= TASK DESCRIPTION =
The answer is an exact copy of the lines from the one with "Cab 14 thumbnail" to the end of the listing below, pictures left out.

= DATA SECTION =
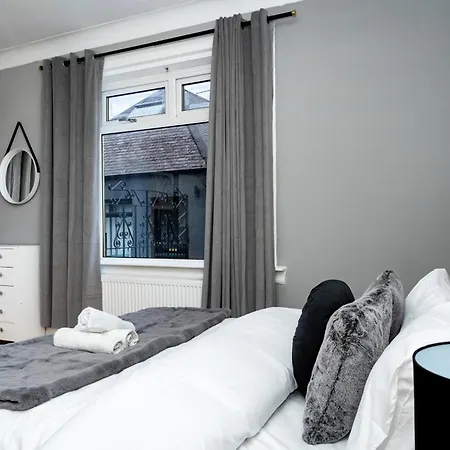 Luxury 5bd, Gym, Parking, Bus To Airport, Sleeps10 Villa
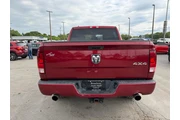 $12980 : 2013 RAM 1500 4WD Crew Cab 14 thumbnail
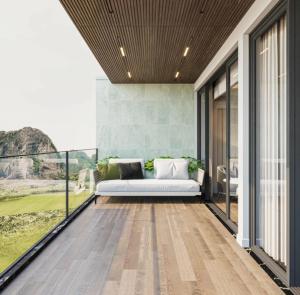 un soggiorno con divano su un balcone di La An Tam Coc Hotel & Rooftop Bar a Vũ Lâm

= RESPONSE TO THIS TASK =
 $12980 : 2013 RAM 1500 4WD Crew Cab 14 thumbnail
 un soggiorno con divano su un balcone di La An Tam Coc Hotel & Rooftop Bar a Vũ Lâm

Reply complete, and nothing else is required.